I'd be inclined to make a battery powered mechanical AC generator with a big
old flywheel on it to sell to these audiophiles :)

Regarding the equipment, most of the "audiophile" grade gear is analog, using
very little input cleaning circuitry if any at all. Whether this is desirable
from a sound quality perspective or not (assuming the input power is clean) is
debatable. Would be interesting to see what an electrical engineer in the
audio field says about this.

I'm sure there is some method to the seemingly mad claim that having your own
"pole" could make a difference in your audio quality through your amplifier.
If you consider that the coils on the other transformers that are positioned
on the same medium voltage lines (running the other houses on the block for
example) act as attenuators which partially soften out any harmonics from
devices under them (like switching power supplies found in any computer), then
effectively by installing your own, dedicated transformer (not actually just
having your own pole) you would be isolating to some extent potential noise
from those neighbors (noisy neighbors in the real sense), to only devices in
your own home. If you think of electrical harmonics like sound waves, they
would lose amplitude when traveling through the coils of a transformer. There
are also ways for transformers to be built so that it prevents these harmonics
from carrying upstream (see zigzag winding, isolated or "harmonic mitigating"
transformers) but this would do nothing for the noise on the low voltage side
coming from neighbors on the same transformer. This would be the power line
equivalent of sharing a single broadband connection with your entire
neighborhood while trying to play a latency sensitive game with no QOS.

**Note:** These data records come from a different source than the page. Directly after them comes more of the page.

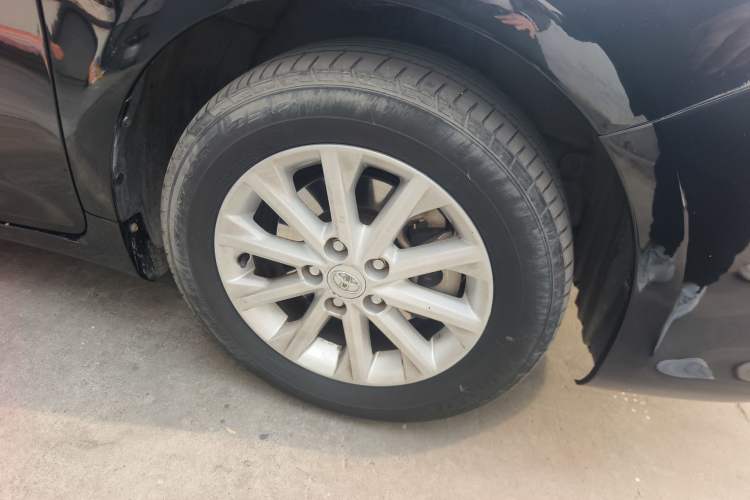 Used Toyota Camry 2015 2.0G Premier Edition Right Front Wheel Hub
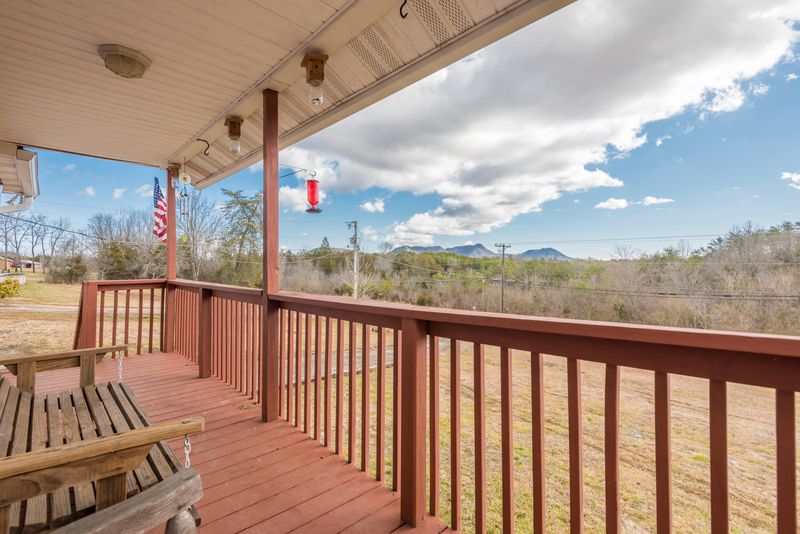 1016 Tazewell Pike, Luttrell, TN 37779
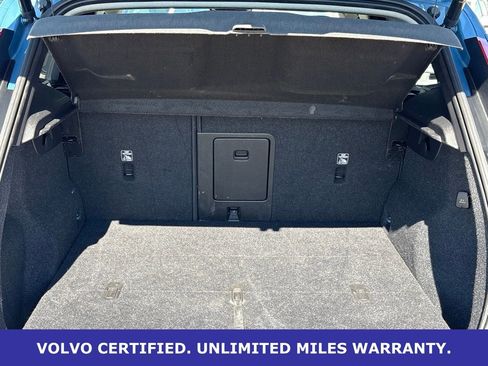 Certified 2025 Volvo XC40 B5 Plus image 35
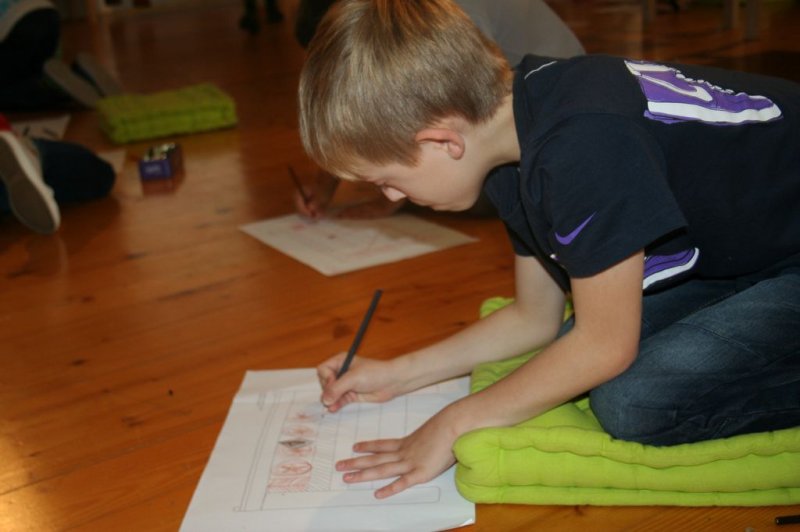 Pokukali smo v stare skrinje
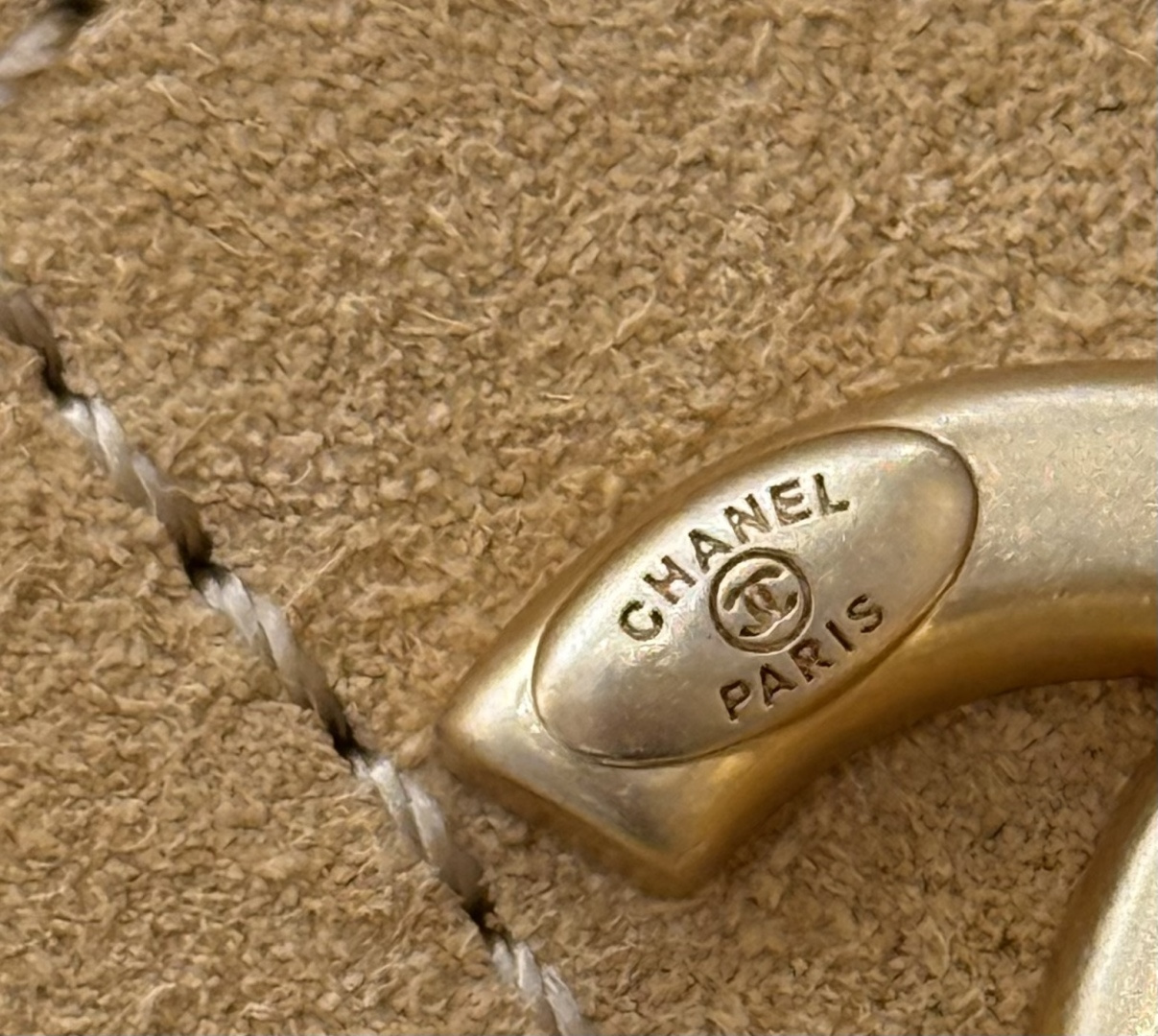 suede quilted Hobo bag from the 26C Cruise collection（Ginger Yellow） - Mocuir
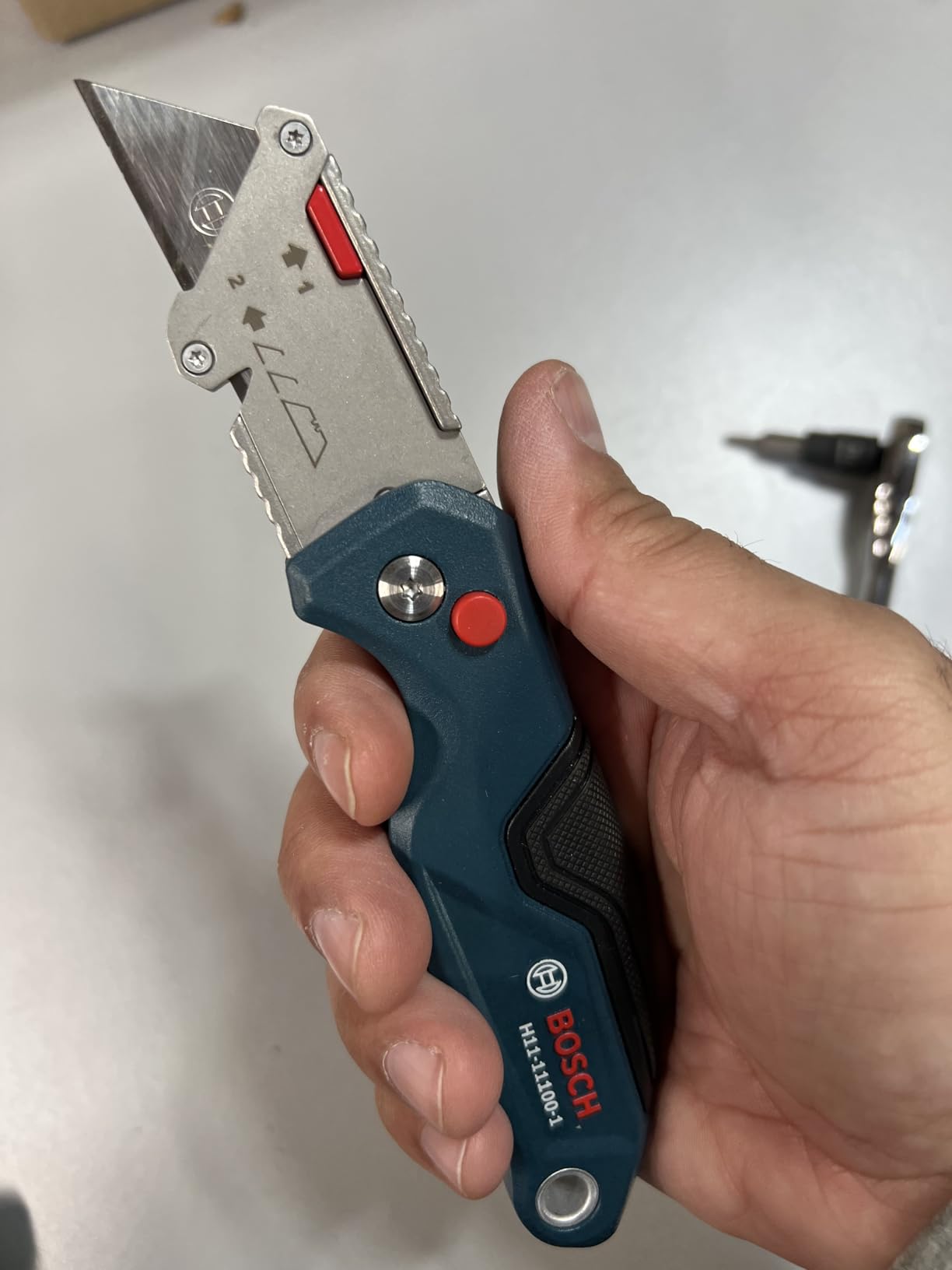 BOSCH H11-11100-1 Folding Utility Knife | Compact, Portable, Durable Box Cutter, Heavy Duty Utility Knife with Integrated Blade Storage, Thumb Rest, Belt Clip, Strap Cutter, 3 Blades customer photo 2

It would have been really interesting to see the ocillosope before and after.

------
pseingatl
The "can" attached to the pole is called a "pot." At least in the U.S., four
homes are normally attached to a pot. But sometimes, you might have as many as
eight. When eight are attached, you will have power drops, momentary losses of
electricity. Without a UPS, your desktop will turn off. Or your stereo system
will--flash on and off. Intolerable. The solution is an additional pot. Or
this man' solution, a pot of his own. It's not so crazy, in areas where
electricity is affected by a tropical climate or... not enough pots. I learned
this while struggling with electricity issues after surviving Hurricane Wilma
and talking to the repair crews.

------
LinuxBender
Commercial power is noisy and sloppy, especially in my neck of the woods. I
use a double conversion UPS (always on) to clean it up. I can feed them with a
generator and the output is still a nice steady clean sine wave. Beyond that,
I use line conditioners and rf chokes to clean up the noise a little prior to
reaching the ups.

Double conversion ups are not cheap. They start around 15x what you pay for
the AVR UPS that you can find in electronic stores. My power is so sloppy that
AVR UPS catch on fire after about 10 months.

------
confounded
A tangent, but seeing as this thread has awoken the HN audiophiles: What
should I look for/avoid in a DAC? Does it really matter if my source device is
an iPhone/iPad?

Reading blogs and review sites talk about the personality of DACs has started
to grind on me. Surely it’s just a question of accuracy which can be
summarized in a metric?

(I’m currently probably going to get a NAD D 3045 integrated amp/DAC, mainly
for the specs, and fond memeries of being a teenager with a 3020).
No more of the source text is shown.